The scene where Kim Jong-il tricks Hollywood into doing what he wants. Fiction!
If we can't go to the movies to watch Kim Jong-un's head explode while falling from a helicopter, the Alamo Drafthouse Cinema in Dallas/Ft. Worth wants to make sure we can at least watch his father, Kim Jong-il, be impaled on top of an old-timey spiked German military helmet. Trey Parker and Matt Stone's 2005 critique of America's muscular foreign policy (and the liberal hand-wringing that accompanied it) will play over Christmas weekend, and its combination of toilet humor and world politics—it's definitely the only feature-length puppet movie to ever name-check Hans Blix—is the perfect cultural Tylenol for the headache that is The Interview.

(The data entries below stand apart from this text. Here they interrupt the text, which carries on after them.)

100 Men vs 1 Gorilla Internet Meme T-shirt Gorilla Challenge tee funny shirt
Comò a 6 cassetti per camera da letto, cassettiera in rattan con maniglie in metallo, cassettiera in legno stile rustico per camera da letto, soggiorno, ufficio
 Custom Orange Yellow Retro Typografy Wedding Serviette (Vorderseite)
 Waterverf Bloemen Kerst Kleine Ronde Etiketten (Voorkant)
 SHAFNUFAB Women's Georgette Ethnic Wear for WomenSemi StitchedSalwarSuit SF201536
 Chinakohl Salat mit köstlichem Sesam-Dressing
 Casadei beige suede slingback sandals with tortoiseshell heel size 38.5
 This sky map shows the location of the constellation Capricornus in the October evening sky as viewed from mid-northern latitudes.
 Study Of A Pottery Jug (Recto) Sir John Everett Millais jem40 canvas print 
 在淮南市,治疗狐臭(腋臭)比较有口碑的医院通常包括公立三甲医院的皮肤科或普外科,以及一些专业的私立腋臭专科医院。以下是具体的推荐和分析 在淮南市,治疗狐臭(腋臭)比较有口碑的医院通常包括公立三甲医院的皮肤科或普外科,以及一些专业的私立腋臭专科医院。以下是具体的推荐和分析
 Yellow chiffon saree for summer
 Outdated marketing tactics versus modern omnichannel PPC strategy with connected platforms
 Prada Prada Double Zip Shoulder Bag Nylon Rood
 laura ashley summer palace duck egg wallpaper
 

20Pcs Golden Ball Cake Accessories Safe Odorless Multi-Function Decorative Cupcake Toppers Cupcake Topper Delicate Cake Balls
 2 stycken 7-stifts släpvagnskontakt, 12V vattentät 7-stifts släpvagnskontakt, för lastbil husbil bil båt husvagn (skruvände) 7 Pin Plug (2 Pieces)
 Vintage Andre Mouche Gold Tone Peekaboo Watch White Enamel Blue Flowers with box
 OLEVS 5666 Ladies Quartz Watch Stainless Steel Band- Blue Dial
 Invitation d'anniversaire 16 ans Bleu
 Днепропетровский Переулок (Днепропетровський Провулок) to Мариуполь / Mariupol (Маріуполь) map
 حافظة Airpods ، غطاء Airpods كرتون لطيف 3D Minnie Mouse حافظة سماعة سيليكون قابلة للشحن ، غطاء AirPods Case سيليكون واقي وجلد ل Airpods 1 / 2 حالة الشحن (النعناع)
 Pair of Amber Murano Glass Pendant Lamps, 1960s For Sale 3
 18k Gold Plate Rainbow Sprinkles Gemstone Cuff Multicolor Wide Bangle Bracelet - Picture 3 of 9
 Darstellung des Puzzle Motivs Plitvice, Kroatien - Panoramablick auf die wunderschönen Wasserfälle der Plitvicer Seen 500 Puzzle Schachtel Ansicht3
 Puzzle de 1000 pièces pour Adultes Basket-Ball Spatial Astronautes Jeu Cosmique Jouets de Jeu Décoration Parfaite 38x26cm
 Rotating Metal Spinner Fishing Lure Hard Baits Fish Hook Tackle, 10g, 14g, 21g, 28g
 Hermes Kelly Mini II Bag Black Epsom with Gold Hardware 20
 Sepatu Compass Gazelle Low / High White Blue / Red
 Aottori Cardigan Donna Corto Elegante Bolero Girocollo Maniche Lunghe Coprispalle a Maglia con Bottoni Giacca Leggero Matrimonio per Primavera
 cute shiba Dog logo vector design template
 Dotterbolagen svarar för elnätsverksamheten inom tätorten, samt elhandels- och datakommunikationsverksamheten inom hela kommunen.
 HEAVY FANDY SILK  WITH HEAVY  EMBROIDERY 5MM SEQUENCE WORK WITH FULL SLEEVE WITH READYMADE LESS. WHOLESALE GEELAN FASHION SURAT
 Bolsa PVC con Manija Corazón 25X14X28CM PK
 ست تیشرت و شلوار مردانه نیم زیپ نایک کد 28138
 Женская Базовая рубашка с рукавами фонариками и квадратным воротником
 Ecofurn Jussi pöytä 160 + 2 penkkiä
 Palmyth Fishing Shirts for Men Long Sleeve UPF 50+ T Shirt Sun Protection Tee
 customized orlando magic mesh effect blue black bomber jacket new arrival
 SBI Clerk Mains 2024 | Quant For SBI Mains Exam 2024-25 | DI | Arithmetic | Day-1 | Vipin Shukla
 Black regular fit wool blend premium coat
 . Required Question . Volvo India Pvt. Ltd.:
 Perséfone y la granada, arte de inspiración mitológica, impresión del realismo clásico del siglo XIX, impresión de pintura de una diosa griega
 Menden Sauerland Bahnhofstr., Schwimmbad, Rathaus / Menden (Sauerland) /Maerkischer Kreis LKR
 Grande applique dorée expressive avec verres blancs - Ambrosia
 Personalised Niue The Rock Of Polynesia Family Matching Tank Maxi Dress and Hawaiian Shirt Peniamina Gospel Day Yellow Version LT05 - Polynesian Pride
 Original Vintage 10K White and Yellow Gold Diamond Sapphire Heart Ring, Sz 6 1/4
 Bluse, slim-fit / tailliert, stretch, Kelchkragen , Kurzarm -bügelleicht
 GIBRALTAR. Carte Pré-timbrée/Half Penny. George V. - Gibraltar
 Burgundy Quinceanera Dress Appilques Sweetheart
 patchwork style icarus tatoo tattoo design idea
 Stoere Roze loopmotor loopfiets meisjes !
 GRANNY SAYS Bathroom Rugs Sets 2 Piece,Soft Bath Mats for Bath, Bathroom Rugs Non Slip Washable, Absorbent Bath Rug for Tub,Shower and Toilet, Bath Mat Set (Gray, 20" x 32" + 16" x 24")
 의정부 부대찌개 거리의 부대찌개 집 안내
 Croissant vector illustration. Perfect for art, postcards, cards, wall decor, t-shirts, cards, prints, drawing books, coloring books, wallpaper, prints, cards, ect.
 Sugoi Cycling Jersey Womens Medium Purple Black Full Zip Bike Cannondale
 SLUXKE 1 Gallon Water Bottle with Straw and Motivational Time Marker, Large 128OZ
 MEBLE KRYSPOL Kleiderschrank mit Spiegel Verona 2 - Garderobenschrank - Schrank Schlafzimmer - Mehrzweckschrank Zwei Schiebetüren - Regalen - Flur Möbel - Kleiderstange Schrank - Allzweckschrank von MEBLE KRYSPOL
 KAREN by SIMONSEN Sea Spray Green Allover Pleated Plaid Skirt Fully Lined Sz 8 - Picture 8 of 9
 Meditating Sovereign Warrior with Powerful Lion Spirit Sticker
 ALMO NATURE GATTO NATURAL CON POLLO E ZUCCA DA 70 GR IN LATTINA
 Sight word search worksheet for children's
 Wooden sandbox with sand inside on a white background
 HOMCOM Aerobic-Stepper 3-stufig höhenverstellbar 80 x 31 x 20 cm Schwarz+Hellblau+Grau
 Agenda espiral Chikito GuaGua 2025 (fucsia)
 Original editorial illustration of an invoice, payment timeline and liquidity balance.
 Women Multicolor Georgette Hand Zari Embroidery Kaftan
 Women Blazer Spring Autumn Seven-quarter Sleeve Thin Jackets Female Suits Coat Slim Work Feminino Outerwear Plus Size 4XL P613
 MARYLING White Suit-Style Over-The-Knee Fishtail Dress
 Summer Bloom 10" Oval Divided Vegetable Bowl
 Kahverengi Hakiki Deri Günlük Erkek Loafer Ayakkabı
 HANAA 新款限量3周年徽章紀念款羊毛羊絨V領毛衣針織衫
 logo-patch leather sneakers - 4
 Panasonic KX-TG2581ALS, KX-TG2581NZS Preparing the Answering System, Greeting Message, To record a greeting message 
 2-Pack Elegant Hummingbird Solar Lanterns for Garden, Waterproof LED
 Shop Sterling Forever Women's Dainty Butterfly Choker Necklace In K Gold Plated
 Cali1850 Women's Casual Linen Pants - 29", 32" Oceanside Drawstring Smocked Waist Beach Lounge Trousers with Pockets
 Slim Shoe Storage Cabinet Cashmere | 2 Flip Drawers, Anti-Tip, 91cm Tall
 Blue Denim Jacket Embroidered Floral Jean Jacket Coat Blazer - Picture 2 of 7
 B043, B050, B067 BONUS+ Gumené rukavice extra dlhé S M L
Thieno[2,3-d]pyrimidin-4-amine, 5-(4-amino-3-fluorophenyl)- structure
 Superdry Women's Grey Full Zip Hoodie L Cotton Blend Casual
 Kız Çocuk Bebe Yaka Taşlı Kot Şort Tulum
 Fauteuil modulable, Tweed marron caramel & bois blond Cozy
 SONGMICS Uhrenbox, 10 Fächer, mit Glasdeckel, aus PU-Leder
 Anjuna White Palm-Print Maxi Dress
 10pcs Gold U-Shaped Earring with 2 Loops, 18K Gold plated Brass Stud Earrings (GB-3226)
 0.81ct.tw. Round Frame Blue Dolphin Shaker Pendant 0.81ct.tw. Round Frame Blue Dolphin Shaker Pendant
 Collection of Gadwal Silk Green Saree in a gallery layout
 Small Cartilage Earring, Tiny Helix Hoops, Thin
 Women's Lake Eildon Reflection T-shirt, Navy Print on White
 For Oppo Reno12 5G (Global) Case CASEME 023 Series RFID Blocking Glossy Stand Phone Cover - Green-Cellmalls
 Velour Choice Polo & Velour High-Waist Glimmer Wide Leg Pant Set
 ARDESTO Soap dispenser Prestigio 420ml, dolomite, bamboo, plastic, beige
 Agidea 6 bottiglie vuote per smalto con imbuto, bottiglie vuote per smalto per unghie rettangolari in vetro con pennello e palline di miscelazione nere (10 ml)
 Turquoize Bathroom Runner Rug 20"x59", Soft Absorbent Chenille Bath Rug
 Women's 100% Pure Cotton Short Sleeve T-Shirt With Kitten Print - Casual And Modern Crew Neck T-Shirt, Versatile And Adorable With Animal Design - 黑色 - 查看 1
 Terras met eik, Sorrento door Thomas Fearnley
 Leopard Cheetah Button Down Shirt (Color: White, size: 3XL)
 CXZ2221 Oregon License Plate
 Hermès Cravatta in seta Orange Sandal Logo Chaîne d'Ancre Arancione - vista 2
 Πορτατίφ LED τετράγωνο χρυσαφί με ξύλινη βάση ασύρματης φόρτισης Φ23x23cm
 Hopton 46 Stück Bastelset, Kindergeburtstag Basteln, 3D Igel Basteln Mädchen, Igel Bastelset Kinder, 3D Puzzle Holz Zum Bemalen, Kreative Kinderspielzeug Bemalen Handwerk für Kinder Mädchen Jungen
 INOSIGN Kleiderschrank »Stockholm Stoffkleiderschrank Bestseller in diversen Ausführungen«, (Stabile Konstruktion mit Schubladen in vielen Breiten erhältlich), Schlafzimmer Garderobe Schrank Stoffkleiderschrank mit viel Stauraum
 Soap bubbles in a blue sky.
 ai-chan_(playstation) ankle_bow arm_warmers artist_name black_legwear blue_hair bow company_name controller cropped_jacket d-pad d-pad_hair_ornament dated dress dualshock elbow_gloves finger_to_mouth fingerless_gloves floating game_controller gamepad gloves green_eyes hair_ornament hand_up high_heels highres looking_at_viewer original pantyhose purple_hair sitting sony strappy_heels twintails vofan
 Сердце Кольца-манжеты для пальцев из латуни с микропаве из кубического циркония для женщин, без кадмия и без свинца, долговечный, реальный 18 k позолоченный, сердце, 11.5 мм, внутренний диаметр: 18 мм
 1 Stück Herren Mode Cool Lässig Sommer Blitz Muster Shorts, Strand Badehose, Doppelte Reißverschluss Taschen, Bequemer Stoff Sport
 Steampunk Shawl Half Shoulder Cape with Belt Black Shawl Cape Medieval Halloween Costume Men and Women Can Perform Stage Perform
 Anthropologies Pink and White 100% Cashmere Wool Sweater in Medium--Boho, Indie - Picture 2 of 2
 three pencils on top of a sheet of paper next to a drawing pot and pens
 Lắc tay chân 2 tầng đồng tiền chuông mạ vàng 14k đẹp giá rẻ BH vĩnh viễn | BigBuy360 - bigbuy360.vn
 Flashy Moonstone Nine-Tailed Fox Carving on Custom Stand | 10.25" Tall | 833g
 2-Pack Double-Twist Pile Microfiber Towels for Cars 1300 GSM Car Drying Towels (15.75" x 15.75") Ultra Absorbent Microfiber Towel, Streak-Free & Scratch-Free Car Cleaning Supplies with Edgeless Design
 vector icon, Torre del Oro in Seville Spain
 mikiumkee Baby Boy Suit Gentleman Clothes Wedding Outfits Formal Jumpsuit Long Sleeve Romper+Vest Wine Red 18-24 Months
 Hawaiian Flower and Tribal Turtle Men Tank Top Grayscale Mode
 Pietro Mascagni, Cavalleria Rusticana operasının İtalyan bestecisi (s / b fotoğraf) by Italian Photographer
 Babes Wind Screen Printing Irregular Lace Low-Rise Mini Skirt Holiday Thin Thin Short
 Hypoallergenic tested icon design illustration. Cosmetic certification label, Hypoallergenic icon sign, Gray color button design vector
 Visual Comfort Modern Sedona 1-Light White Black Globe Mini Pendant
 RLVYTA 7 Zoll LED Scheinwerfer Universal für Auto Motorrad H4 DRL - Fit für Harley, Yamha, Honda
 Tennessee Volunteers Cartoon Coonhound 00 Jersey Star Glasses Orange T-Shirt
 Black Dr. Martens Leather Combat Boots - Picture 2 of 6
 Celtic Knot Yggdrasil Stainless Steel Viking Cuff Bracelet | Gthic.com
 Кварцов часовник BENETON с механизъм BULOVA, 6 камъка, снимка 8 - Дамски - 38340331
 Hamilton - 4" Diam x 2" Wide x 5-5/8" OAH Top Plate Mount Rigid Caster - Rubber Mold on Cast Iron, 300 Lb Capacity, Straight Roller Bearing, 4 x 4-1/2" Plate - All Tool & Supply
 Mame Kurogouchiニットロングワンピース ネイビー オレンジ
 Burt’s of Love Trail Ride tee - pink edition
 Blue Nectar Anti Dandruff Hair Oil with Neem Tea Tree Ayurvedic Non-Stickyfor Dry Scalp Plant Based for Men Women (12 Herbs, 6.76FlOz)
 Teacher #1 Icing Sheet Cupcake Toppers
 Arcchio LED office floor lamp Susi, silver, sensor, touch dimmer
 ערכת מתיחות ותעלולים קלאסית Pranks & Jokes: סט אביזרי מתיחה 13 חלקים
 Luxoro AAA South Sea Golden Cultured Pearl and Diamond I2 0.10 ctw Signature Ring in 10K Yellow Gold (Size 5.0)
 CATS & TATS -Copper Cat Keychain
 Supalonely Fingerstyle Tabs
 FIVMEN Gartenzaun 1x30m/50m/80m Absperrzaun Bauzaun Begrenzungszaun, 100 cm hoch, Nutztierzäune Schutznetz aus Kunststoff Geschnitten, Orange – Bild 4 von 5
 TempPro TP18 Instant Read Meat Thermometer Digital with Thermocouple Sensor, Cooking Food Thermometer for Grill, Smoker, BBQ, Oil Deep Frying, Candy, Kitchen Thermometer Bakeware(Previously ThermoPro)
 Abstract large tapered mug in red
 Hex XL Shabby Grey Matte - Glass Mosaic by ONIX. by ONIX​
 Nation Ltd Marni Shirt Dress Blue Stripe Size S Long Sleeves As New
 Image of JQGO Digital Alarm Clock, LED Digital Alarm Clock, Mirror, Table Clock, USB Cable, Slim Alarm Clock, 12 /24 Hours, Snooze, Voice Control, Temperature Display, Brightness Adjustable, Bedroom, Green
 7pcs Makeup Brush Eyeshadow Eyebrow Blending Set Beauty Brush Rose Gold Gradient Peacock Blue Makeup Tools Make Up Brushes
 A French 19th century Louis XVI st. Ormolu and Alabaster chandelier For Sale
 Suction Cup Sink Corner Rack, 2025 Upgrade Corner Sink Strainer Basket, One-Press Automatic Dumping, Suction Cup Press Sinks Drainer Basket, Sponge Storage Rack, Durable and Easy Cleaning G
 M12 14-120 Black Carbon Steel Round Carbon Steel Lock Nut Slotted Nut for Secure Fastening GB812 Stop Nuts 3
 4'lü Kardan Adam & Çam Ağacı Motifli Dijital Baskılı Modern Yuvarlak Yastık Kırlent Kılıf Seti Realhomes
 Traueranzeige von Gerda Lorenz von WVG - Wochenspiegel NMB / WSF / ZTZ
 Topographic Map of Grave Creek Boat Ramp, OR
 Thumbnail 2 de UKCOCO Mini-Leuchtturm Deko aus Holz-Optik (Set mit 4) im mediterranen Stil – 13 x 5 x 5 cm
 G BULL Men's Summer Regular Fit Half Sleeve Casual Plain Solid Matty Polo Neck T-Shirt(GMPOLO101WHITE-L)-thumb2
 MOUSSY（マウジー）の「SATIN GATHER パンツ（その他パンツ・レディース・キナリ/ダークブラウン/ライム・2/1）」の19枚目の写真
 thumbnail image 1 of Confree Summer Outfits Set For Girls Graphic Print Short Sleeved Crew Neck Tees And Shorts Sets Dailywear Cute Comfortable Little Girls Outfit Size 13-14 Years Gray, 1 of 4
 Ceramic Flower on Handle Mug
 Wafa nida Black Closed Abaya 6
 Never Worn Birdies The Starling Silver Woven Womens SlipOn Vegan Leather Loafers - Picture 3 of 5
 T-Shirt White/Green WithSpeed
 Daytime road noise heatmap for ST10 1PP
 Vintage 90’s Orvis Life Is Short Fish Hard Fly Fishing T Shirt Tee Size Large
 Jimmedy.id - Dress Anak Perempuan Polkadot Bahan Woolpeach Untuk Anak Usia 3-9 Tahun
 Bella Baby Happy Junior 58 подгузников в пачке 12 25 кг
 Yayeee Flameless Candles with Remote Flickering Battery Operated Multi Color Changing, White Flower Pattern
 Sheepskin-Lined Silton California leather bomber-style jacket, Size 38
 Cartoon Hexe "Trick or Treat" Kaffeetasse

Does it mean that we've snatched victory from the jaws of the defeat-loving cowards over at Sony Pictures Entertainment? Not really. Their decision to pull The Interview from theaters in the face of anonymous terrorist threats after having everything on their computers stolen has hurt our morale as surely as a suicide-bomb-laden Michael Moore blowing up Mt. Rushmore.
No one walks away from explosions like we do.
But, let's be honest, shouting "America, Fuck Yeah!" will still probably feel pretty good, and with the film's biting satire of American violence and Hollywood pandering alike, it's a foul-mouthed critique of the War on Terror we can all get behind. Plus, the Alamo event won't just be the movie — it will be hosted by their "Action Pack" and will include a "quote-a-long" with subtitles for some of the movie's best lines, and of course all the songs, so that the audience can turn it into a Rocky Horror experience and soak up even more freedom.
So far, this has only been announced at the Dallas location, but let me be the first to say that New Yorkers would like to see this at our Alamo in Yonkers. Hell, I don't understand why Team America won't be playing at all movie theaters this Christmas. Yes, it's a 10-year-old movie that didn't do amazingly at the box office the first time around, but going to see it anyway is the kind of sacrifice we can all make together as Americans.
Freedom isn't free. You gotta put in your buck oh-five (actually, way more than that. It's a movie, plus you can order food to your seat at the Alamo. Like, good food. And drinks. Like, more than soda. It's a fun place. But it costs more than a dollar and five cents, is what I'm saying).